=== Prompt ===
Where a picture appears, leave it out, and transcribe all the lines below exactly.

──────

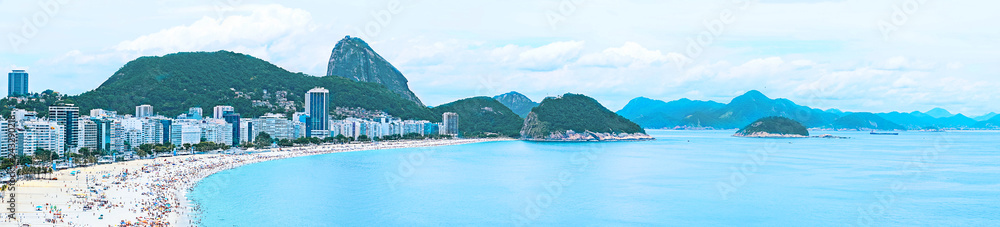 Fototapeta premium Copacabana Beach and Sugar Loaf Mountain in Rio de Janeiro, Brazil. Aerial view of Rio de Janeiro with Copacabana. horizontal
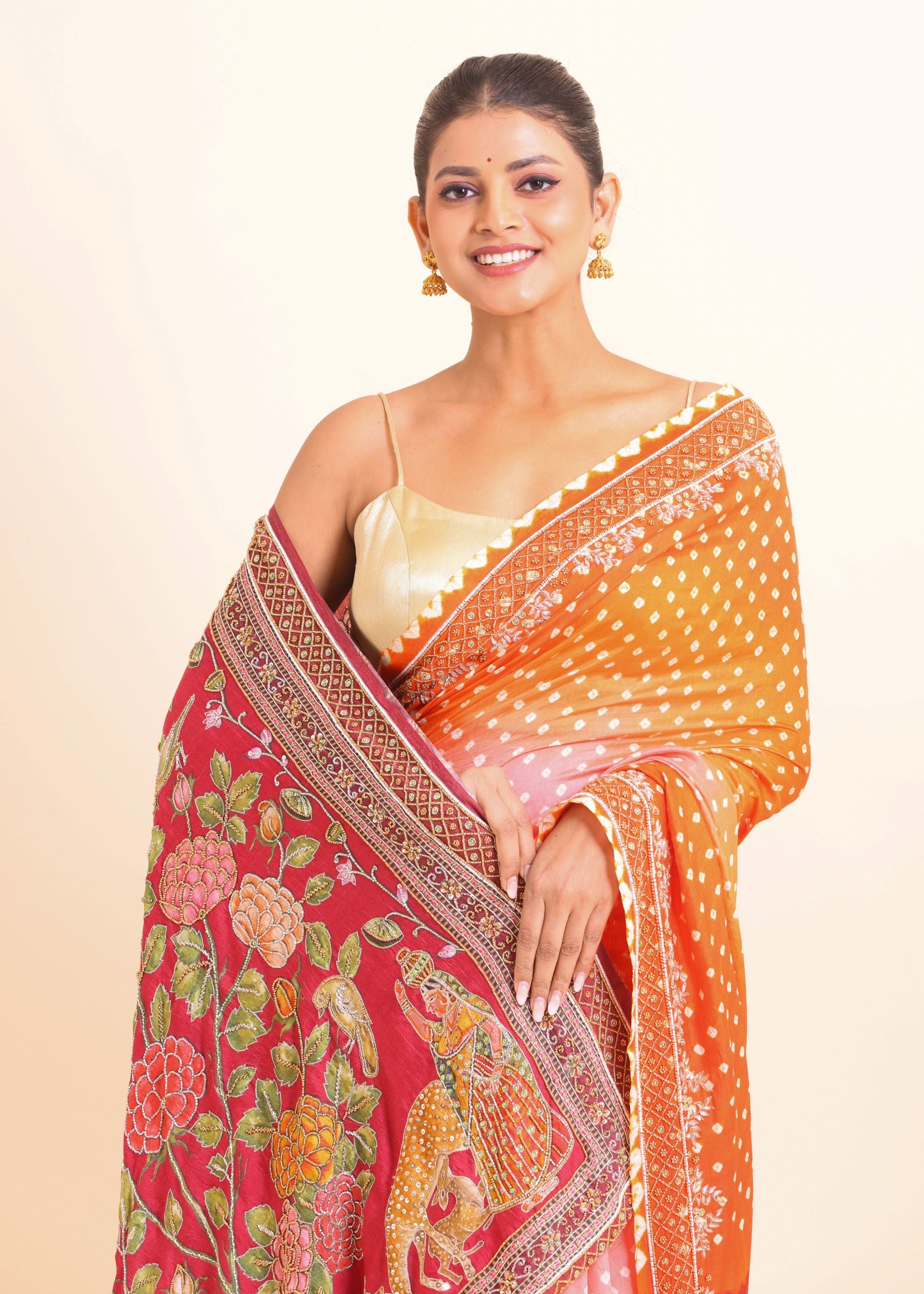 Orange and Red Bandhani Saree with Kalamkari Pallu with Hand Embroidered Work close up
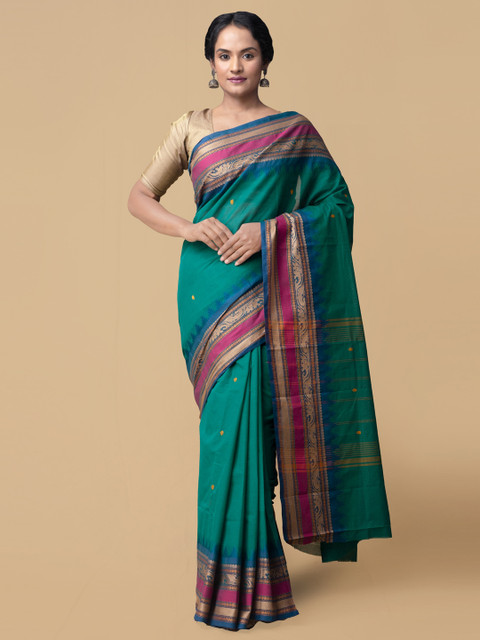 

Unnati Silks Green Pure Cotton Solid Kanjeevaram Saree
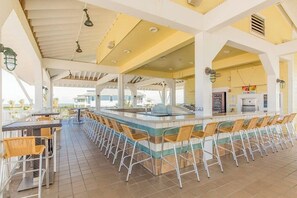 A covered outdoor bar area with multiple seating options, including bar stools and chairs, and a central bar counter. - Pointe West Retreat Unit 302 (Galveston)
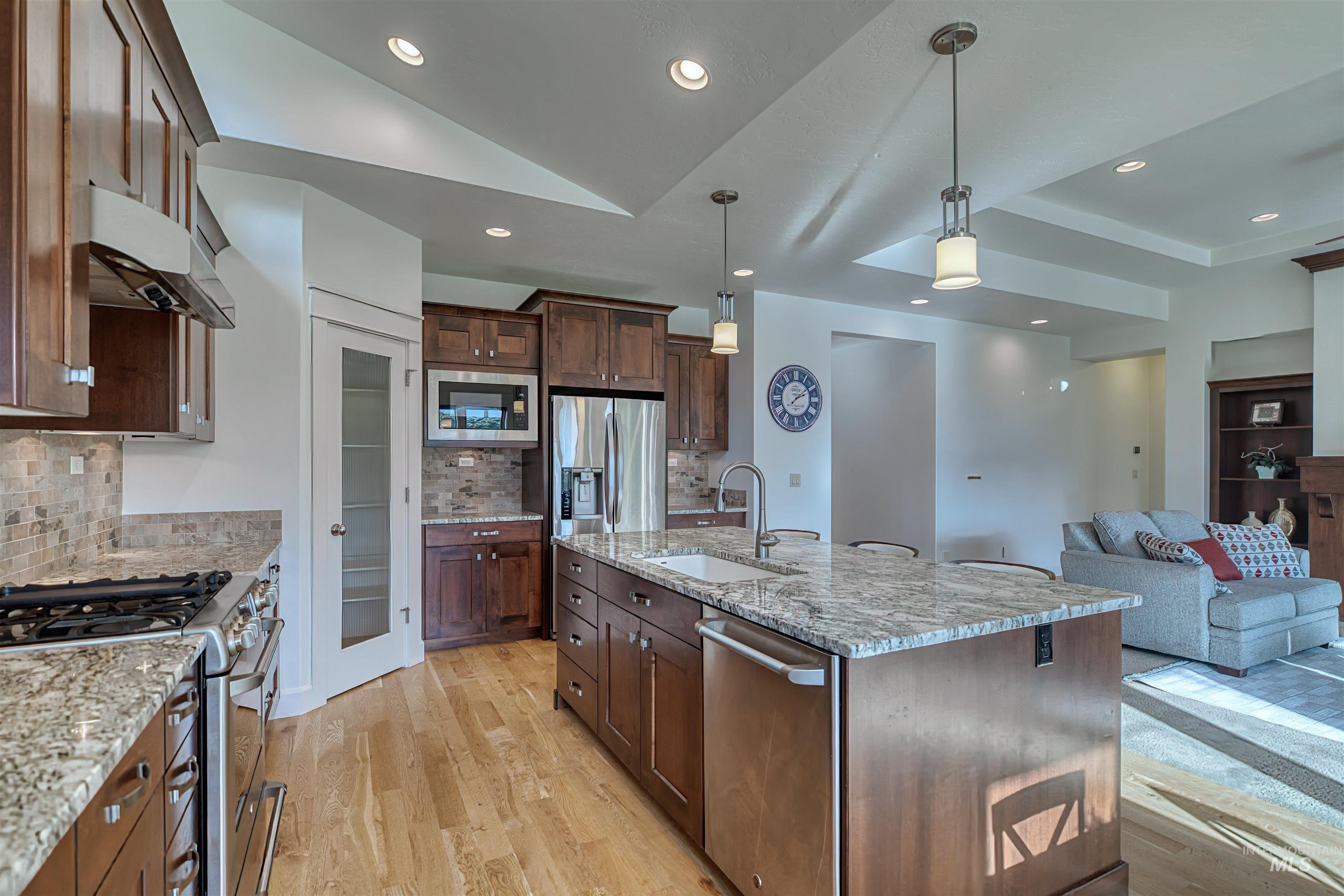 Kitchen with stainless steel appliances, decorative light fixtures, light stone counters, light wood-style flooring, and open floor plan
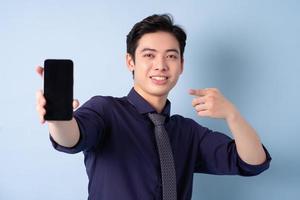retrato de un joven hombre de negocios asiático usando un teléfono inteligente con fondo azul foto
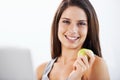Smile, portrait and woman nutritionist with apple in studio for wellness, diet or eating plan on white background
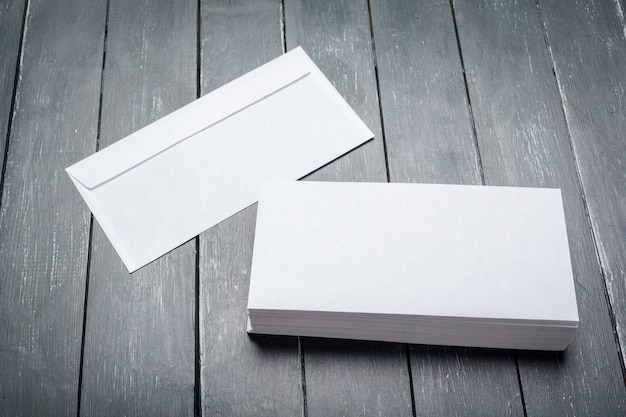 Photo of blank envelope on a  wooden surface 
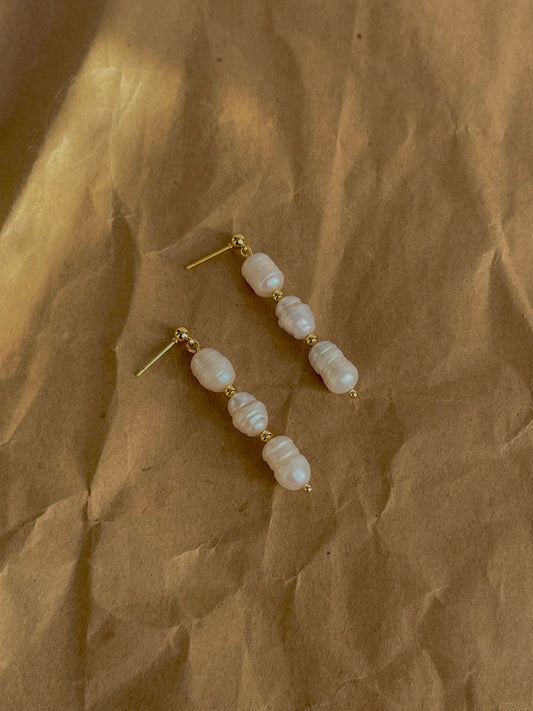 Three pearl drop earrings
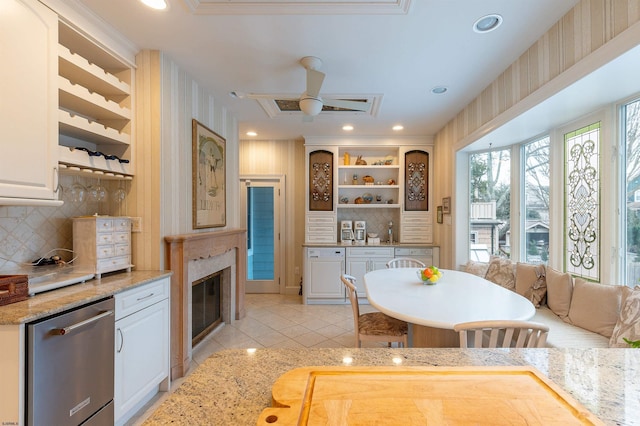 kitchen featuring open shelves, stainless steel dishwasher, white cabinets, and recessed lighting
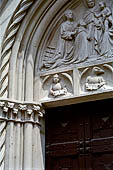 Castiglione Olona -  Lunetta del portale maggiore della Collegiata, (1428). 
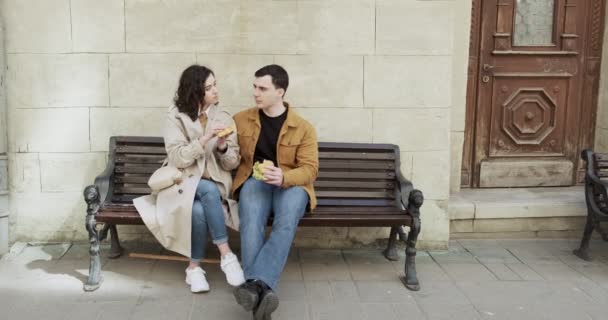 Az édes pár a régi európai városban vakációzik. A boldog fiatal szerelmesek élvezik az együtt töltött időt. Étkezés a padon helyi street food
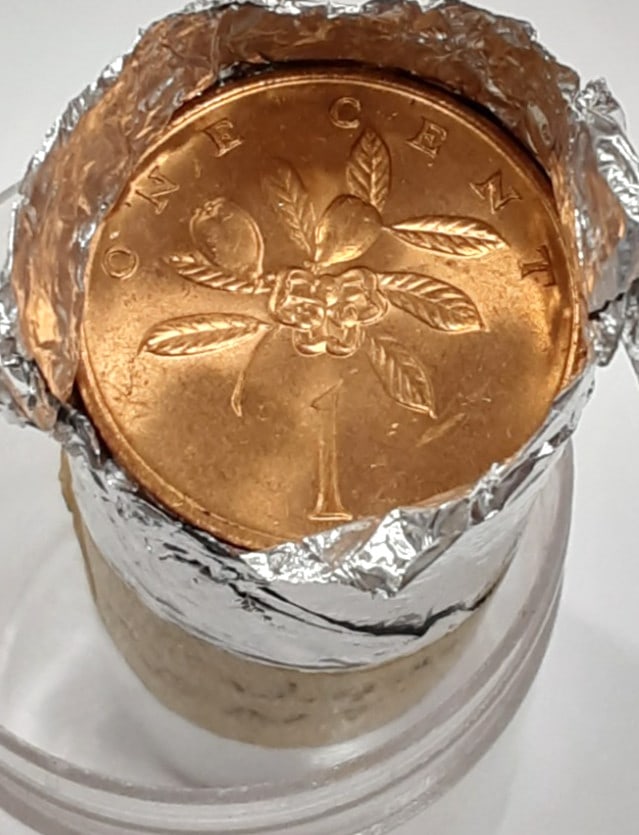 Roll of 35 Uncirculated 1969 Jamaica 1 Cent Bronze KM45 Coins in Wrapper: Roll of 35 Uncirculated 1969 Jamaica 1 Cent Bronze KM45 Coins in Wrapper This is a roll of 35 un-used 1969 Jamaica 1 Cent coins, KM#45, each minted in bronze. The coins are in brilliant uncirculated c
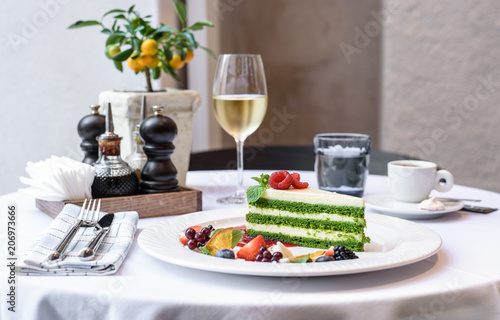 Large white dish, cheesecake with fresh berries. Bright bokeh background.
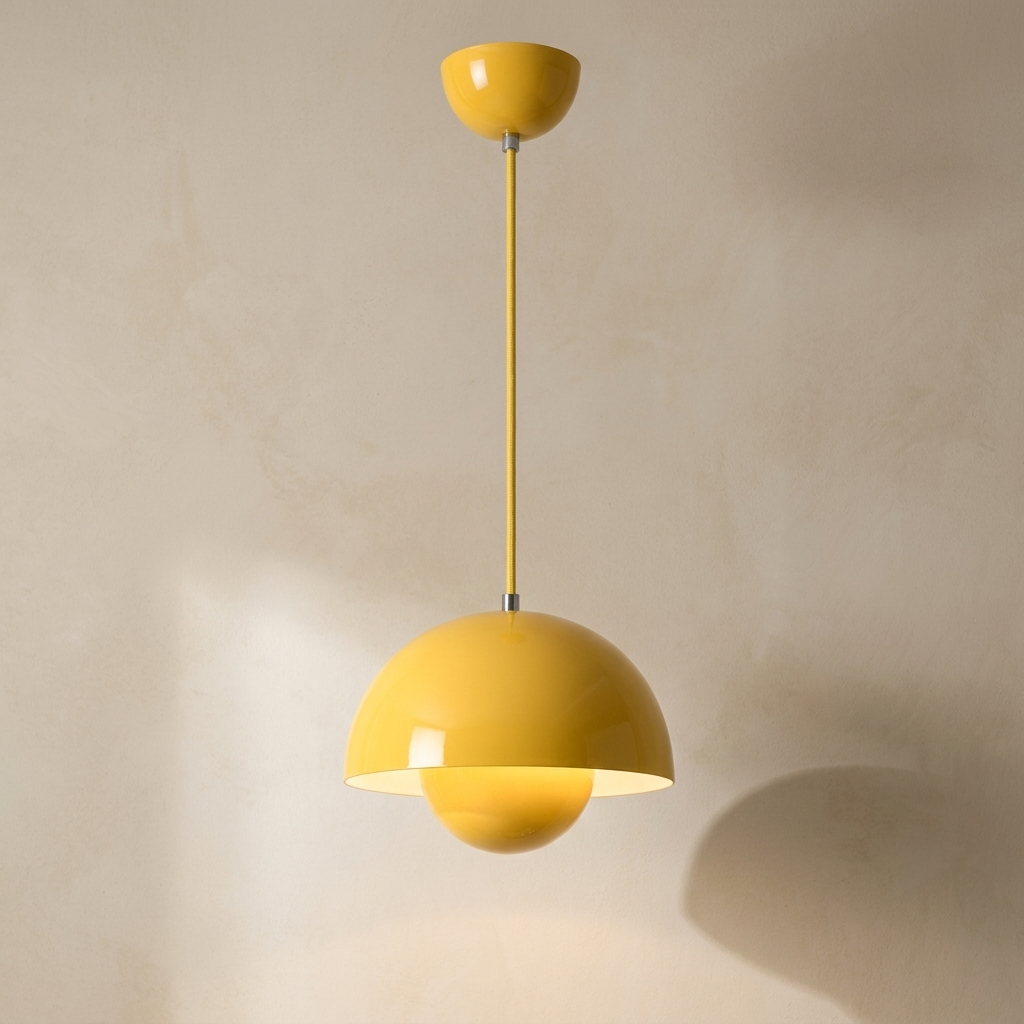 The Bonnet yellow mushroom pendant light, lit, hanging in front of a lime-washed plaster wall — Selden Home product photography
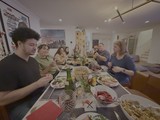 Family Thanksgiving Dinner Gathering Around Table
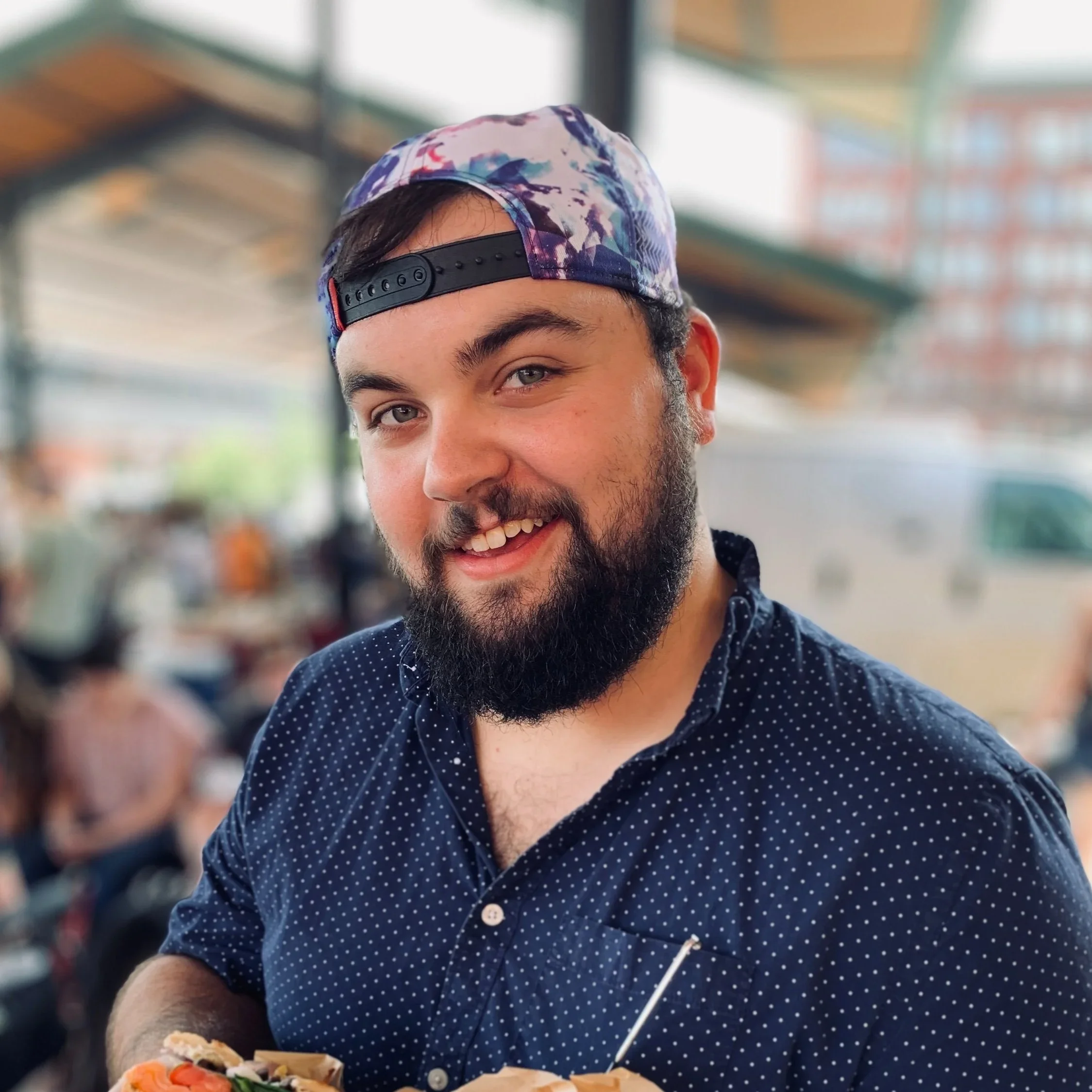 A young man with a beard, wearing a colorful cap backwards and a navy blue polka dot shirt, smiling outdoors with a blurred background of people and buildings.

──────

=== Output below ===
 Fototapeta premium Copacabana Beach and Sugar Loaf Mountain in Rio de Janeiro, Brazil. Aerial view of Rio de Janeiro with Copacabana. horizontal
 Orange and Red Bandhani Saree with Kalamkari Pallu with Hand Embroidered Work close up

Unnati Silks Green Pure Cotton Solid Kanjeevaram Saree
 A covered outdoor bar area with multiple seating options, including bar stools and chairs, and a central bar counter. - Pointe West Retreat Unit 302 (Galveston)
 Kitchen with stainless steel appliances, decorative light fixtures, light stone counters, light wood-style flooring, and open floor plan
retrato de un joven hombre de negocios asiático usando un teléfono inteligente con fondo azul foto
Smile, portrait and woman nutritionist with apple in studio for wellness, diet or eating plan on white background
 Photo of blank envelope on a  wooden surface 
 Three pearl drop earrings
 kitchen featuring open shelves, stainless steel dishwasher, white cabinets, and recessed lighting
 Castiglione Olona -  Lunetta del portale maggiore della Collegiata, (1428). 
 Az édes pár a régi európai városban vakációzik. A boldog fiatal szerelmesek élvezik az együtt töltött időt. Étkezés a padon helyi street food
 Roll of 35 Uncirculated 1969 Jamaica 1 Cent Bronze KM45 Coins in Wrapper: Roll of 35 Uncirculated 1969 Jamaica 1 Cent Bronze KM45 Coins in Wrapper This is a roll of 35 un-used 1969 Jamaica 1 Cent coins, KM#45, each minted in bronze. The coins are in brilliant uncirculated c
 Large white dish, cheesecake with fresh berries. Bright bokeh background.
 The Bonnet yellow mushroom pendant light, lit, hanging in front of a lime-washed plaster wall — Selden Home product photography
 Family Thanksgiving Dinner Gathering Around Table
 A young man with a beard, wearing a colorful cap backwards and a navy blue polka dot shirt, smiling outdoors with a blurred background of people and buildings.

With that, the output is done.